It is not often that a company’s investment in a frontier market phones home so clearly. Vodafone made plans this week to launch M-Pesa in Europe. From modest beginnings in Kenya seven years ago, the mobile money service provided by Safaricom, Vodafone’s subsidiary, handles the equivalent of a third of the country’s gross domestic product a month in text-messaged cash.
That is one milestone. Here is another: also this week, the UK government said that it had hit a long-held target of spending 0.7 per cent of economic output on overseas aid. The prime minister called it his “proudest achievement” in office. Others grumbled. What value does aid – often in the same frontier markets – bring, and for whom?
Look to the link between the two milestones. It exists, if distantly, in M-Pesa itself. For all its enormity in 2014, the system started as a £2m pilot project in 2006. Vodafone supplied half the funding. But the rest came via the UK’s Department for International Development.
This prompts a simple question. What stopped one of the world’s biggest telecoms companies – one that generated £8bn of free cash flow the year before – putting another £1m at risk for M-Pesa? Arguably, it was right for UK taxpayers to put in money regardless. Just under £1m is cheap at the price for a chance to transform an East African economy’s infrastructure. Would that similar slices of Dfid’s current £12bn budget were always as effective.

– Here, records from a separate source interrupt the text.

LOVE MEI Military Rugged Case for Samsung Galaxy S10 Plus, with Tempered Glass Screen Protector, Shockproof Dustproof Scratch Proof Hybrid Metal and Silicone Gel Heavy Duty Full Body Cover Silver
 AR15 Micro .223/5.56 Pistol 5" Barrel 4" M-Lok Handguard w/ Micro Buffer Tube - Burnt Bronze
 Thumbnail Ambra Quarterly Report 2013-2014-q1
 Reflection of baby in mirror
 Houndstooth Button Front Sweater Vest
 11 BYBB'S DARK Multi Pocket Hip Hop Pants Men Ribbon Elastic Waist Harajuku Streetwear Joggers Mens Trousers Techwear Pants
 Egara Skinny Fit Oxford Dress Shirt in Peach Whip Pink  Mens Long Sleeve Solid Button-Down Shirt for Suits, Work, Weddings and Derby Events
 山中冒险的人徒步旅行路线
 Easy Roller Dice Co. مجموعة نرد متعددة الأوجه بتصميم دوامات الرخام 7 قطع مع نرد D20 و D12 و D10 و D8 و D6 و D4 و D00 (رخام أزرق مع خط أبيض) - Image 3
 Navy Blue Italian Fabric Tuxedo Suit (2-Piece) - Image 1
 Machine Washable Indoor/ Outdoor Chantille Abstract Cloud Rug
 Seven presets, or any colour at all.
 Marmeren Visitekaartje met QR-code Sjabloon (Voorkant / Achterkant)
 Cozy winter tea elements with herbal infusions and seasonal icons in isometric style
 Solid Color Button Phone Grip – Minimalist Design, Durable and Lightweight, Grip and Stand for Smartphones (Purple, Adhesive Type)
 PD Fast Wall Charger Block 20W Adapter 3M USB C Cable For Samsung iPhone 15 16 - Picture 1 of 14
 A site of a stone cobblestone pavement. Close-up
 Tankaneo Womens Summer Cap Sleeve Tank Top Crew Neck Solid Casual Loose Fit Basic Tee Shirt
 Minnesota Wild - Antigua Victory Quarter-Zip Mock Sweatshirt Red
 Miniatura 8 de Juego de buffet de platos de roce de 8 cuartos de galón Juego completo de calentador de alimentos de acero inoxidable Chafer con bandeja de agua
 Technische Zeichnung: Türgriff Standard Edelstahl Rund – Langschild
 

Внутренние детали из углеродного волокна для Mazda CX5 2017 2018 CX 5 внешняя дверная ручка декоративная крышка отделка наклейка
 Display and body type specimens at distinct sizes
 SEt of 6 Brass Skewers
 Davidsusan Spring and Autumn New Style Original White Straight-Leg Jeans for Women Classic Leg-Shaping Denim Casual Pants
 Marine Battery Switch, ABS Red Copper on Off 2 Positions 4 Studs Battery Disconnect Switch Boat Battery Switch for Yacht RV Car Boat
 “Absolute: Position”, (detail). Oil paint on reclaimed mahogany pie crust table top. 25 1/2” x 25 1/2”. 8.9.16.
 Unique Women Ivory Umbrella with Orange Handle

But should taxpayers have shared in M-Pesa’s long-run upside through equity? Vodafone probably did not take all the initial risk because it could not be sure of the future market at first. The original trial set out to improve microfinance loans: only gradually did M-Pesa’s use for sending money cheaply become apparent. Vodafone later put plenty of investment into building up a wider network. Safaricom had significant market share in 2006, and has grown since. M-Pesa secures customer loyalty, crucial for any telecoms provider. That is one benefit of M-Pesa being early in mobile money’s revolution.